18

From the unix terminal, we can use diff file1 file2 to find the difference between two files. Is there a similar command to show the similarity across 2 files? (many pipes allowed if necessary.

Each file contains a line with a string sentence; they are sorted and duplicate lines removed with sort file1 | uniq.

file1: http://pastebin.com/taRcegVn

file2: http://pastebin.com/2fXeMrHQ

And the output should output the lines that appears in both files.

output: http://pastebin.com/FnjXFshs

I am able to use python to do it as such but i think it's a little too much to put into the terminal:

x = set([i.strip() for i in open('wn-rb.dic')])
y = set([i.strip() for i in open('wn-s.dic')])
z = x.intersection(y)
outfile = open('reverse-diff.out')
for i in z:
  print>>outfile, i
alvas
  • 115,346
  • 109
  • 446
  • 738
  • What do your files look like? – paulmelnikow Mar 18 '13 at 05:26
  • 4
    possible duplicate of [how to show lines in common (reverse diff)?](http://stackoverflow.com/questions/746458/how-to-show-lines-in-common-reverse-diff) – beatgammit Mar 18 '13 at 05:26
  • Most times a string of human language sentences. Sometimes columnized with more information too. – alvas Mar 18 '13 at 05:37
  • Perhaps you could give an example of two simple files and the sort of output you'd like to get from that input?

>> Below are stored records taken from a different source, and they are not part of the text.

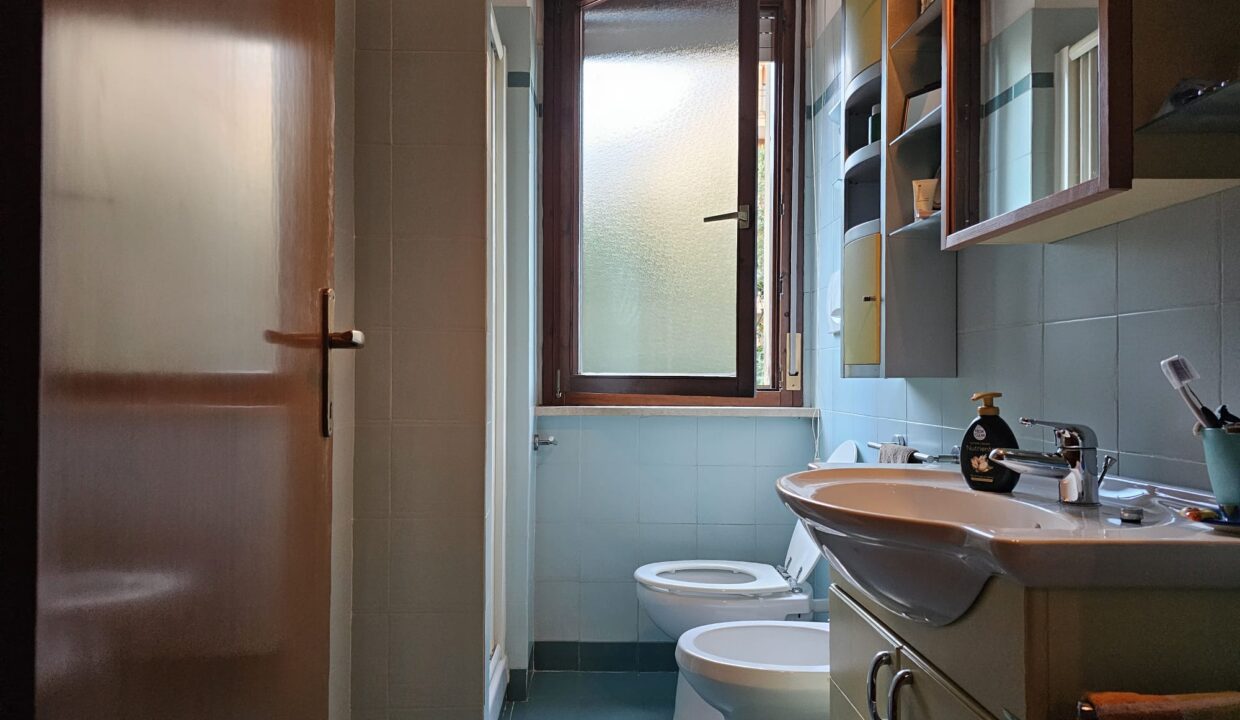 IMG-20241016-WA0024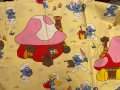 Бебешки комплект чершафи, 3 части, снимка 1 - Спално бельо и завивки - 37751926
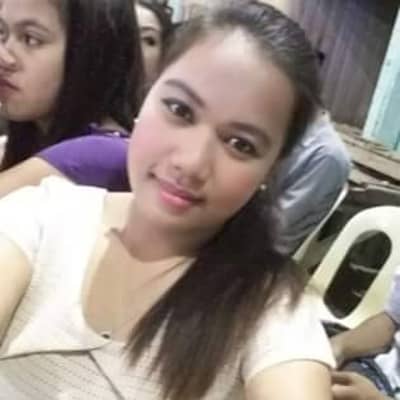 Janly23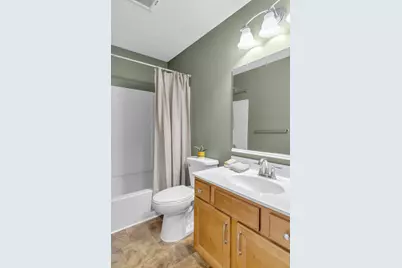 11300 Sand Castle Drive #D, Woodbury, MN 55129 - Photo 21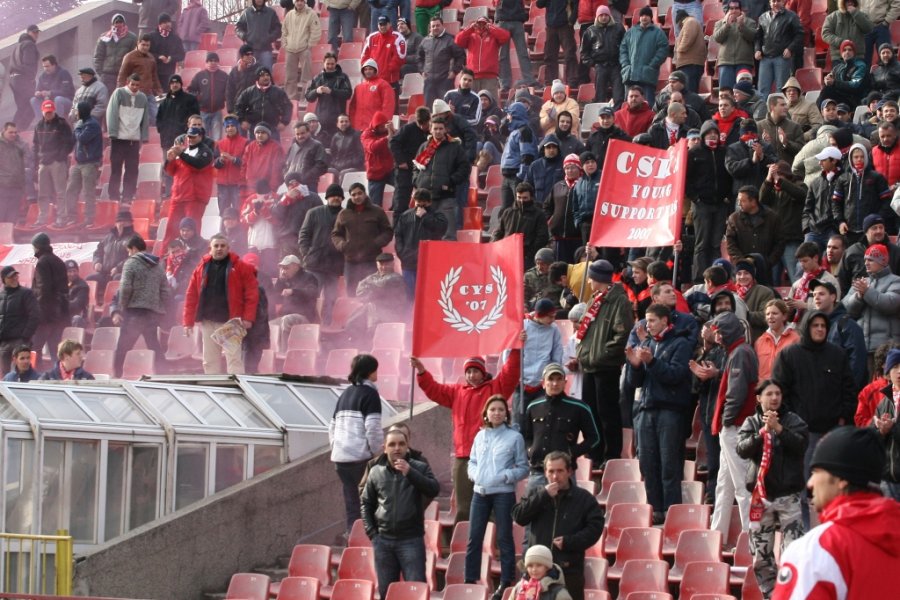 ЦСКА Пирин 1922 2 01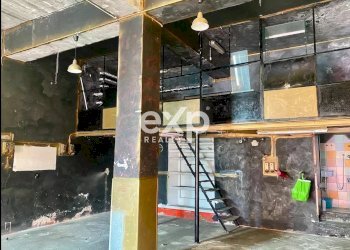 Negozio Firenze - foto 4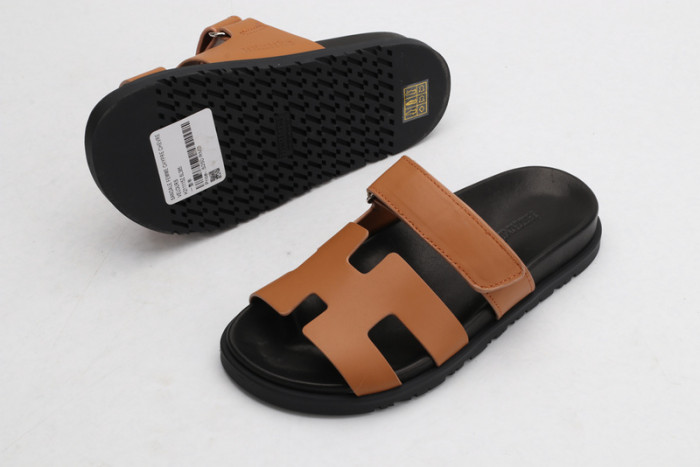 HRMS SLIDE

It's not clear to me exactly what you're trying to achieve. It would also be helpful to understand a bit more the motivation for doing this, as someone may have a different approach to solve your problem. – Martin Atkins Mar 18 '13 at 05:38
  • And you want the output to be a list of the lines that both files have in common? – Martin Atkins Mar 18 '13 at 05:52
  • @MartinAtkins, updated the question with the desired output. – alvas Mar 18 '13 at 05:56
  • Can the same line appear more than once in a given file? Is the order of the lines in the files relevant? – Jonathan Leffler Mar 18 '13 at 06:15
  • The same line shouldn't have appeared more than once in the file. i think i did `sort file1 | uniq` before coming the files. The order of the lines shouldn't be a problem too since the sort would have sorted them alphabetically. – alvas Mar 18 '13 at 06:47

2 Answers2

35

If you want to get a list of repeated lines without resorting to AWK, you can use -d flag to uniq:

sort file1 file2 | uniq -d
user35147863
  • 2,525
  • 2
  • 23
  • 25
  • 1
    Also, dropping the -d gets you just all the distinct lines from both files which is what I was looking for. – Aaron Mar 05 '15 at 19:07
17

As @tjameson mentioned it may be solved in another thread. Just would like to post another solution: sort file1 file2 | awk 'dup[$0]++ == 1'

  1. refer to awk guide to get some awk basics, when the pattern value of a line is true this line will be printed

  2. dup[$0] is a hash table in which each key is each line of the input, the original value is 0 and increments once this line occurs, when it occurs again the value should be 1, so dup[$0]++ == 1 is true. Then this line is printed.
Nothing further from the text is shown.